Member of the Delaware Senate from the 3rd district
- In office January 9, 1979 – January 8, 2019
- Preceded by: George Schlor
- Succeeded by: Elizabeth Lockman

Personal details
- Born: Robert I. Marchlewicz October 16, 1946 Wilmington, Delaware, U.S.
- Died: March 31, 2024 (aged 77) Newark, Delaware, U.S.
- Party: Democratic
- Alma mater: Thomas Edison State College

= Robert I. Marshall =

American politician (1946–2024)

Robert I. Marshall (né Marchlewicz; October 16, 1946 – March 30, 2024) was an American politician and a Democratic member of the Delaware Senate, representing the 3rd district from 1979 until 2019.

==Biography==
Robert I. Marshall was born in Wilmington, Delaware, on October 16, 1946. He earned his BA from Thomas Edison State College.

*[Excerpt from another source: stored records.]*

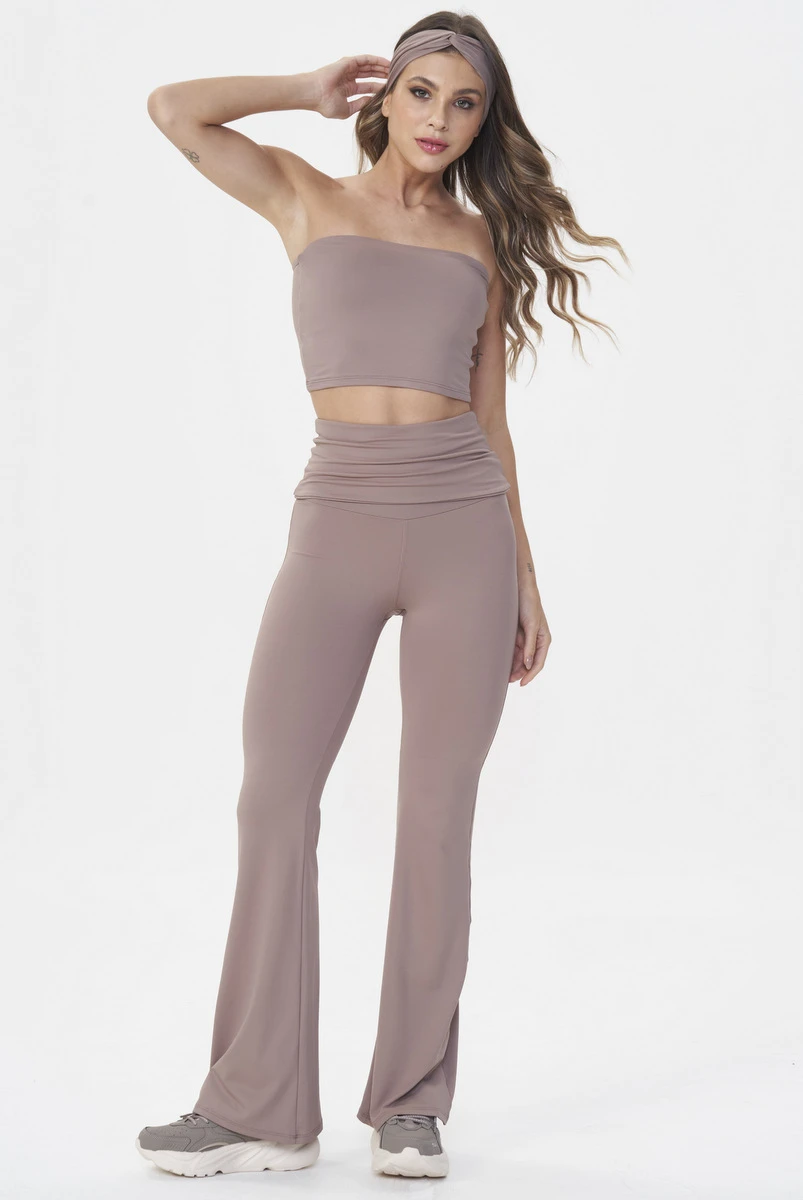 Lets Gym - Calça Flare Beyond Avelã - 3068AVL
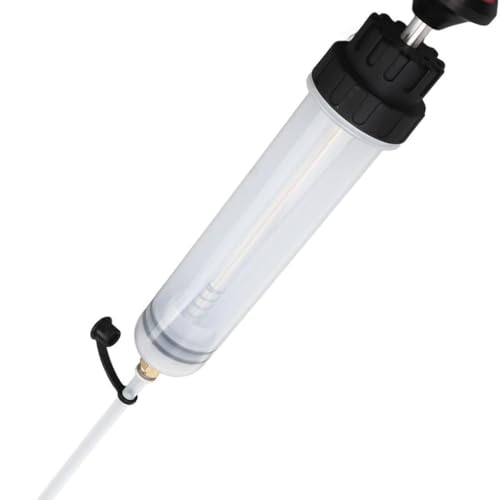 Automotive Fluid Extractor Pump, 500 cc Oil Extractor Pump with Hose, Sealed Upgraded Oil Change Pump, Lightweight Oil Suction Pump for Changing Transmission, Power Steering, and Brake Fluid - size: 500 cc with hose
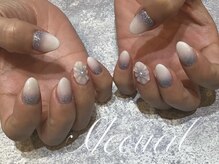 アクイユ 銀座店(ACCUEIL)/ブルーラメグラデーション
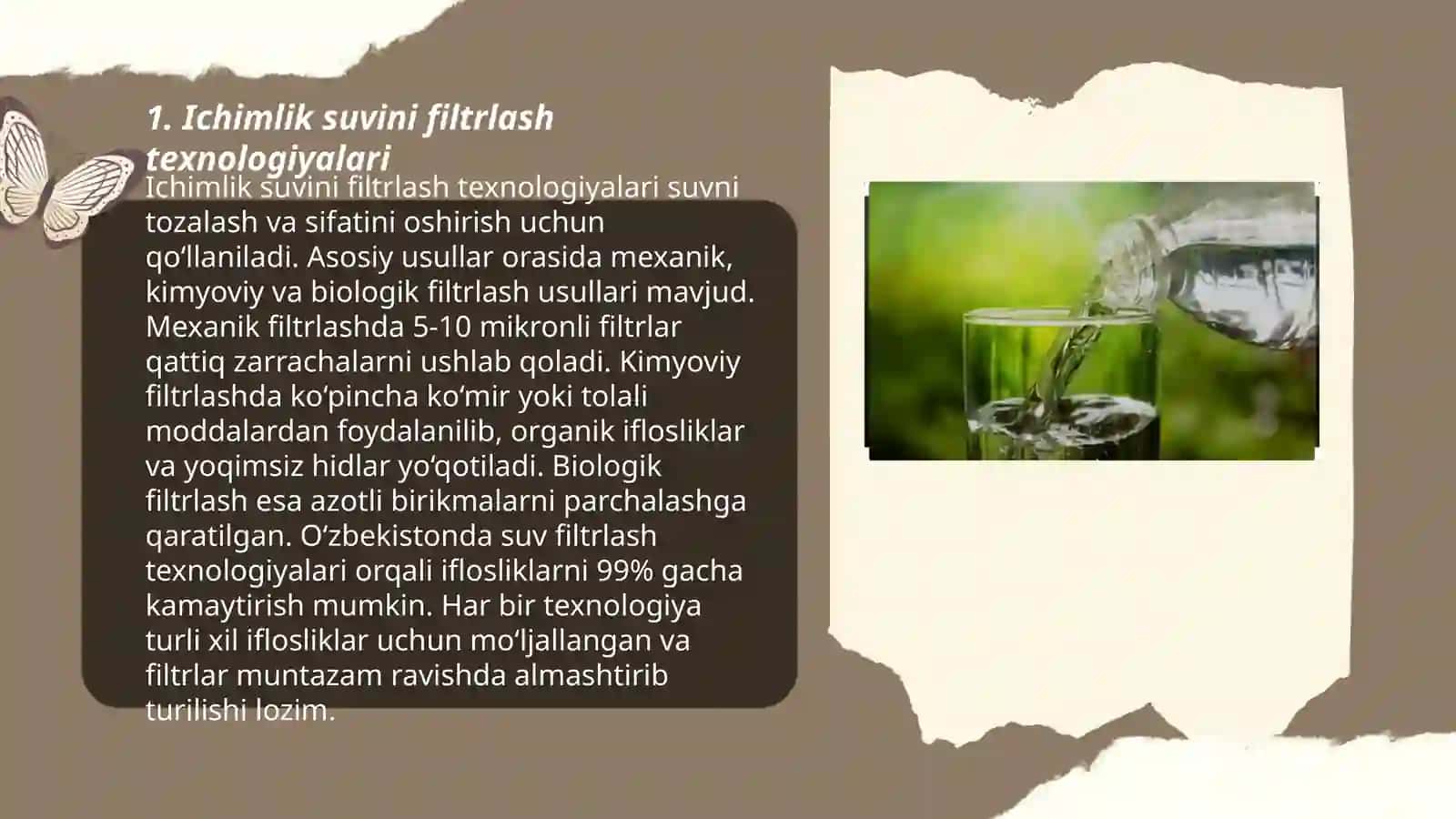 Ichimlik suvi sifatini yaxshilashning asosiy usullari 3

Marshall died at a hospital in Newark, Delaware on March 30, 2024, at the age of 77.

==Political positions==
Marshall was a supporter of gun control and supported an assault weapons ban for Delaware.

==Elections==
- 2012 Marshall won the three-way September 11, 2012 Democratic Primary with 2,504 votes (52.2%) and was unopposed for the November 6, 2012 General election, winning with 12,322 votes.
- 1978 When Democratic Senator George Schlor retired and left the District 13 seat open, Marshall won the 1978 Democratic Primary and won the November 7, 1978 General election with 3,159 votes (63%) against Republican nominee John Stawicki.
- 1982 Marshall won the 1982 Democratic Primary and was unopposed for the November 2, 1982 General election, winning with 5,886 votes (76%) against Republican nominee Samuel Moreno.
- 1984 Marshall won the 1984 Democratic Primary and was unopposed for the November 2, 1984 General election, winning with 7,825 votes.
- 1988 Marshall was unopposed for the September 10, 1988 Democratic Primary and won the November 8, 1988 General election with 6,611 votes.
- 1992 Marshall won the September 12, 1992 Democratic Primary with 2,484 votes (70%) against Wesley Smith, running as a Democrat, and was unopposed for the November 3, 1992 General election, winning with 7,759 votes.
- 1994 Marshall was unopposed for the Democratic Primary and won the three-way November 8, 1994 General election with 4,696 votes (76.8%) against Republican nominee Dwight Davis and Wesley Smith, running as the Libertarian candidate.
- 1998 Marshall won the September 12, 1998 Democratic Primary with 1,344 votes (74.8%) and the November 3, 1998 General election, winning with 4,135 votes (85.1%) against Wesley Smith, running as the Republican nominee.
- 2002 Marshall won the September 10, 2002 Democratic Primary with 1,359 votes (76.0%) and won the November 5, 2002 General election with 4,548 votes (75.0%) against Republican nominee Michael Brown.
- 2004 Marshall was unopposed for both the September 11, 2004 Democratic Primary and the November 2, 2004 General election, winning with 9,343 votes.
- 2008 Marshall was unopposed for both the September 9, 2008 Democratic Primary and the November 4, 2008 General election, winning with 10,225 votes.